I was never really a big fan of comic books, with one exception: Back in the 1950's and early 60's, I couldn't get my hands on enough comic books about World War II Navy battles. Nowadays you hear only about the superhero comics, and I'm sure I read a lot of Superman. But you may be surprised to hear there was another genre, a group of comics that provided spine-tingling stories about American submarines evading Japanese depth charges, then firing off their torpedoes when the Japanese thought they were home-free. They were called "Japs," though, not "Japanese."
I can think of three reasons for my Navy battle fixation: one, World War II was fairly recently over when I was born, but was still fresh in the mind of everyone who lived through it; two, my eldest brother, who hadn't lived at home since I was four, was a Naval officer and my hero; and third, there was an enormous picture of the USS Enterprise hanging on the wall in the bedroom I shared with my two other brothers. It looked something like this one:
I was going to join the Navy myself. Every week the family would watch a program called "Men of Annapolis" on television, a show that told stories about the lives of midshipmen. (There was another, vastly inferior, program about West Point, too.) I wouldn't miss an Army-Navy game; Navy pummeled Army with regularity in those days. (They had a pretty good quarterback named Staubach. Don't know whatever became of him.) And I read and re-read a book about life at Annapolis. Here's my main takeaway from that:
"How's the cow?"I decided I'd better memorize that in case an upperclassman ever asked me if there was any milk left at the dinner table, where I would be seated on the front three inches of my chair. Fifty years later, I'm still prepared.
"Sir, she walks, she talks, she's full of chalk. The lacteal fluid extracted from the female of the bovine species is highly prolific to the nth degree."
Then Vietnam.
But this is a post about comic books, and I left them in the 50's, I'm sure. Like most people who grow up.
While I wasn't paying any attention to them, comic books became something else: they became graphic novels. I've only read one graphic novel, something called Maus: A Survivor's Tale. My Father Bleeds History, and I'd say it adds enough gravitas to the genre that nobody needs to feel apologetic about being a graphic novelist. If you haven't read it, you should.
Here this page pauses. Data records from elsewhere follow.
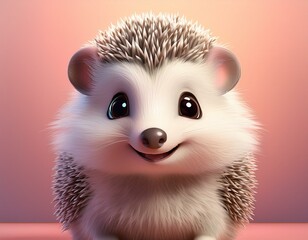 Obraz premium Niedlicher Igel, rosa Hintergrund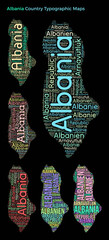 Albania. Set of typography style country illustrations. Albania map shape build of horizontal and vertical country names. Vector illustration.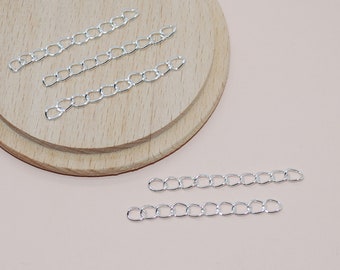 Lot de 10 chainettes d extension argent 50mm pour création de bijoux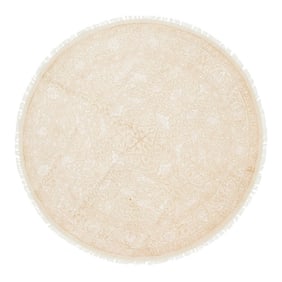 Modern Floral Designed Wool and Silk Round Rug in Beige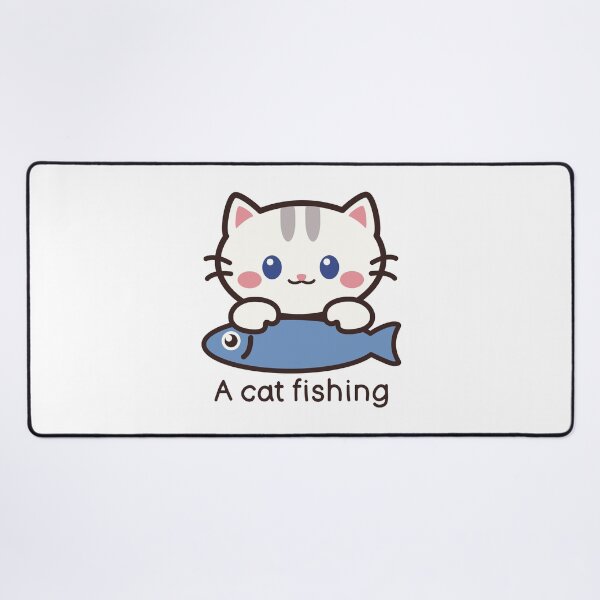 Item preview, A Cute Cartoon White Cat Holding a Fish designed and sold by MySimpleFlow.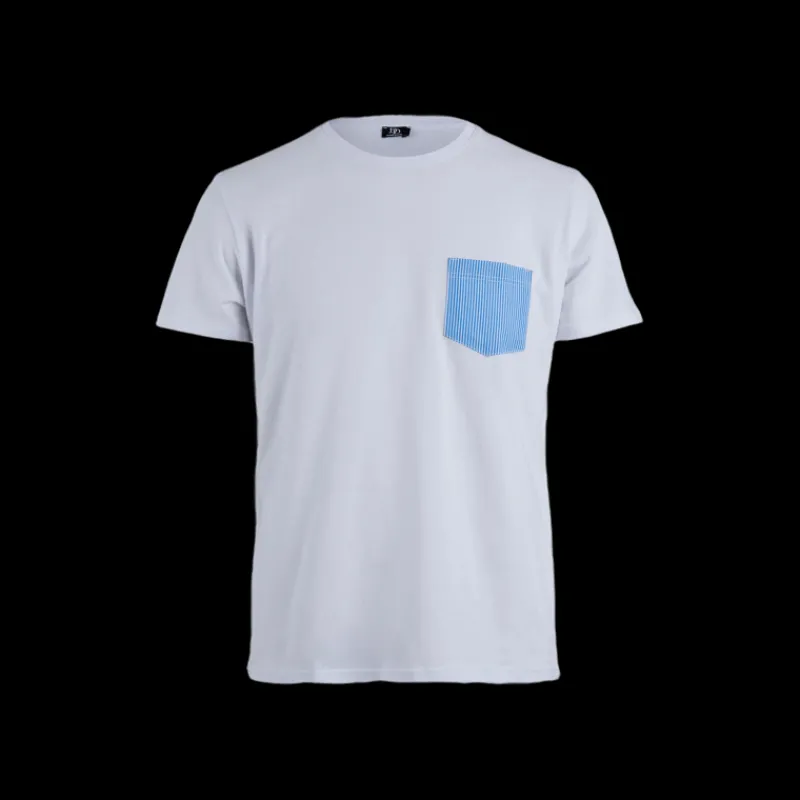 tshirt_homme_en_coton_ave_0.webp Doré Doré T-shirts^T-shirt homme en coton avec poche à motifs - Blanc & Bleu France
So, that's where things stood until this morning, when I saw this review in the NY Times of a comic book series called Unknown Soldier which is being collected into a book. Unknown Soldier is a comic book about – are you ready for this? – the civil war in Uganda.
Perhaps because I know this can be done well (Maus), or because I got to talk to a bunch of wonderful children from Uganda recently, I'm looking forward to reading it. I think it's going to be a far cry from my Navy comics, though.